Shares in the buy now, pay later (BNPL) leader have rocketed in value in recent years. In fact, the Afterpay share price is up 141.1% in 2020 and 2,403.1% since its first closing price on 30 June 2017.
All of these numbers would suggest that Afterpay is not a great buy right now. However, shares in the BNPL company have slumped 23.1% since hitting a new record high in late August.
That to me says that there could be a buying opportunity for investors willing to roll the dice.
Why the Afterpay share price could be a buy
Falling by nearly a quarter in less than a month is enough to make any value investor pay attention.

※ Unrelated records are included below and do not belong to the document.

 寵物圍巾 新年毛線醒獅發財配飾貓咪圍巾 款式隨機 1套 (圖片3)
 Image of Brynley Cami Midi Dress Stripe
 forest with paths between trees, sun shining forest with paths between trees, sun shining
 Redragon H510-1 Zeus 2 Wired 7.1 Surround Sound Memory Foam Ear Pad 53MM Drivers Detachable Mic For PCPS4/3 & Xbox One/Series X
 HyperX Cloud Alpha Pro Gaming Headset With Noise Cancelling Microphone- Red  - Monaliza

To be clear, Afterpay still trades at a wildly high price to sales ratio and actually hasn't posted a profit yet.
That hasn't stopped keen investors from jumping on board the BNPL train. US tech stocks have been volatile in recent days and we're starting to see that in the Australian market with the Afterpay share price falling 5.4% lower in yesterday's trade.
I think much of Afterpay's true value hinges on both economic conditions and its expansion plans. If the economy can remain intact, with strong government support, then I believe online retail may continue to boom.
Similarly, strong execution in offshore markets could be the key to finally realising some of the promised growth that investors are banking on.
There is tight competition in the BNPL sector with more companies eyeing off a slice of the market. But Afterpay is an incumbent and quickly becoming a global leader alongside the likes of Klarna Bank AB.
Foolish takeaway
I think there is certainly more volatility ahead of the Afterpay share price. The question for investors is whether this represents a large enough dip to buy in and hold for the long-term.
If the economy holds up and Afterpay's USA success continues, I could see it surging past $100 in early 2021.